As far as we can see - ELK 6.8.3 allows the same cross-cluster-search settings to be configured in both locations simultaneously.
Which setting will take precedence if we have contradicting cross-cluster-search settings in both locations?
Am I understanding correctly that
"persistent" : {
"search" : {
"remote" : {
should be used going forward?
8. Is there a way to completely remove a remote cluster from cross-cluster search configuration or to completely clear existing CCS configuration from a CCS cluster?
As far as we were able to see - there is currently no way in Elastic 6.8.3 to completely nullify neither
"persistent" : {
"cluster" : {
"remote" : {
nor
"persistent" : {
"search" : {
"remote" : {
We were able to only make seeds list empty for the clusters we do not need any more.
Could you please also let us understand the state our test cross-cluster-search cluster is in right now?
We have a cluster of 4 cross-cluster-search nodes on Elastic 6.8.3.
ip node.role name
10.48.37.18 mdi ams01-c02-kcs10
10.49.37.16 mdi zrh01-c02-kcs10
10.13.137.84 mdi sjc01-c02-kcs10
10.14.36.143 mdi iad01-c02-kcs10
We have following cluster settings in regards to one of the remote clusters:
{
"persistent" : {
"cluster" : {
"remote" : {
<...>
"aws71-c01" : {
"skip_unavailable" : "true",
"seeds" : [
"10.3.6.63:9301",
"10.3.6.66:9301",
"10.3.6.85:9301"
],
"transport" : {
"ping_schedule" : "30s"
}
},
<...>
But the outputs of _remote/info for different nodes in cluster show different "num_nodes_connected" values.

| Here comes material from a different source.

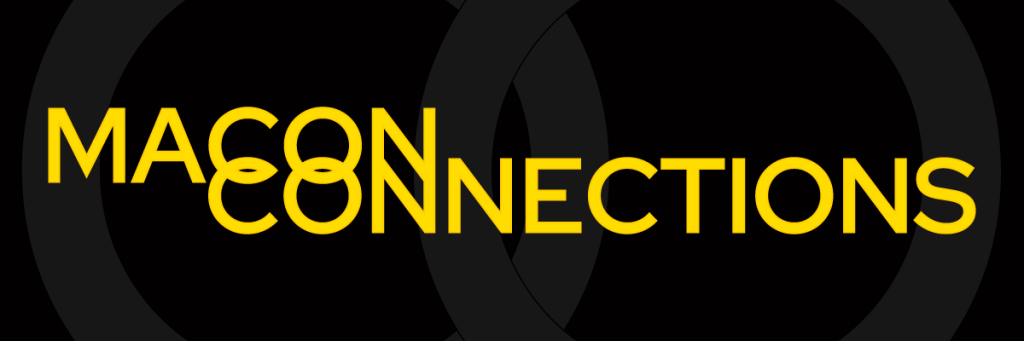 A graphic that reads Macon Connections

See for example for the node ams01-c02-kcs10:
curl -s 10.48.37.18:9200/_remote/info?pretty | grep -A 16 "aws71-c01"
"aws71-c01" : {
"seeds" : [
"10.3.6.66:9301",
"10.3.6.85:9301",
"10.3.6.63:9301"
],
"http_addresses" : [
"10.3.6.66:9201",
"10.3.6.63:9201",
"10.3.6.85:9201"
],
"connected" : true,
"num_nodes_connected" : 3,
"max_connections_per_cluster" : 3,
"initial_connect_timeout" : "30s",
"skip_unavailable" : true
},
and for the node iad01-c02-kcs10:
curl -s 10.14.36.143:9200/_remote/info?pretty | grep -A 16 "aws71-c01"
"aws71-c01" : {
"seeds" : [
"10.3.6.66:9301",
"10.3.6.85:9301",
"10.3.6.63:9301"
],
"http_addresses" : [
"10.3.6.66:9201",
"10.3.6.85:9201",
"10.3.6.124:9201"
],
"connected" : true,
"num_nodes_connected" : 1,
"max_connections_per_cluster" : 3,
"initial_connect_timeout" : "30s",
"skip_unavailable" : true
},
If we restart iad01-c02-kcs10 node - we can probably get the num_nodes_connected to 3 again, but we were not able to influence the number by any other means (including sending search requests).
Is this the only way of restoring the correct number of connections? Or we are incorrect using num_nodes_connected as a monitoring metric for the state of cross-cluster search?
What steps can be performed to investigate the issue further?